Birleşmiş Milletler Kadın Örgütü (UN Women) tarafından yayımlanan çeşitli raporlarda, kadınlar ve kız çocuklarının pek çok durumda küresel ısınmanın sonuçlarından erkeklere göre daha fazla etkilenebildiği belirtiliyor. Bu durumun altında yatan birçok sebep arasında kadının toplum ve hane içerisindeki rolü, fiziksel olarak erkeklere oranla daha hassas olması, biyolojik farklılıklar nedeniyle temizlik ihtiyacının daha fazla olması ve kaynaklara ulaşım noktasında yetersiz kalması öne çıkıyor.
Dünyanın çeşitli bölgelerindeki kadınların toplum içerisindeki rolleri ve iş hayatına katılımı üzerinden konuyu ele alan Birleşmiş Milletler Kalkınma Programı (UNDP) raporlarında, dünya genelinde para ödenmeyen işlerin yüzde 75’ini kadınların gerçekleştirdiği vurgulanıyor. Kadınların kendilerine ödeme yapılmayan bu gibi işlere daha fazla zaman ayırması sonucu iş hayatına katılamadığı, özelikle kız çocuklarının eğitim hayatından geri kaldığının anlatıldığı raporlarda, bir felaket halinde bu gruptaki kişilerin söz konusu durumla mücadele edebilecek finansal kaynaklara sahip olamadığına işaret ediliyor.

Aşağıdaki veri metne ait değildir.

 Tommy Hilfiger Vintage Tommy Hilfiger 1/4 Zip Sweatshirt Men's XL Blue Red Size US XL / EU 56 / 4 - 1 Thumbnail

İklim krizinin sonuçlarını kadın sağlığı üzerinden değerlendiren Dünya Sağlık Örgütü (WHO) çalışmalarında ise kadınların biyolojik özelliklerinden dolayı suya ihtiyaçlarının daha yüksek olduğu vurgulanarak, özelikle menstrüasyon dönemlerinde, doğum esnasında, öncesinde ve sonrasındaki süreçlerde yetersiz su sebebiyle kişisel hijyenlerini sağlayamadıklarına ve enfeksiyon bazlı hastalıklardan daha fazla etkilendiklerine dikkat çekiliyor.

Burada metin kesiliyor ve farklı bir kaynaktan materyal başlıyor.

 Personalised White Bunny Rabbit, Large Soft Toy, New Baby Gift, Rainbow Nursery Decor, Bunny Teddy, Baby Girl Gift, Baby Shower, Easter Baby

İklim krizi kaynaklı felaketlerde ölen kadın sayısı erkeklerden daha fazla
ABD’deki Texas Austin Üniversitesi, Minnesota Üniversitesi ve Arizona Devlet Üniversitesi’nden akademisyenlerin ortak gerçekleştirdiği bir araştırmada ise iklim krizi sebebiyle göçlerin hızlandığının altı çizilerek, kuraklık, sel gibi felaketlerin vurduğu bölgelerdeki kadınların çocuklara bakmak zorunda olduğu, uzun mesafeleri katetmekte güçlük çektiği ve bölgeyi terk edemediği, dahası bu gibi koşullar içerisinde meydana gelen fırtına, hortum ve sel gibi felaketlerde hayatını kaybeden kadın sayısının erkeklere göre 14 kat daha fazla olduğu aktarılıyor.

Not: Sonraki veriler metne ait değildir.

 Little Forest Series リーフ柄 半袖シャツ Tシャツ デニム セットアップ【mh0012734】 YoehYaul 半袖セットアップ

İngiltere’deki Denizaşırı Kalkınma Enstitüsü (Overseas Development Institute / ODI) adlı düşünce kuruluşunun Toplumsal Cinsiyet Eşitliği ve Küresel Riskler ve Dayanıklılığın Toplumsal Kapsayıcılığı biriminde araştırmalar yürüten Dr. Virginie Le Masson, AA muhabirinin sorularını yanıtlarken bu alanda çalışmaya ilk başladığında iklim değişikliğinden etkilenme oranlarının cinsiyete göre farklılık gösterdiği konusuna şüpheli yaklaştığını, küresel güney ülkelerinde birçok bölgeyi ziyaret ettikten sonra bu şüphelerinin ortadan kalktığını anlattı.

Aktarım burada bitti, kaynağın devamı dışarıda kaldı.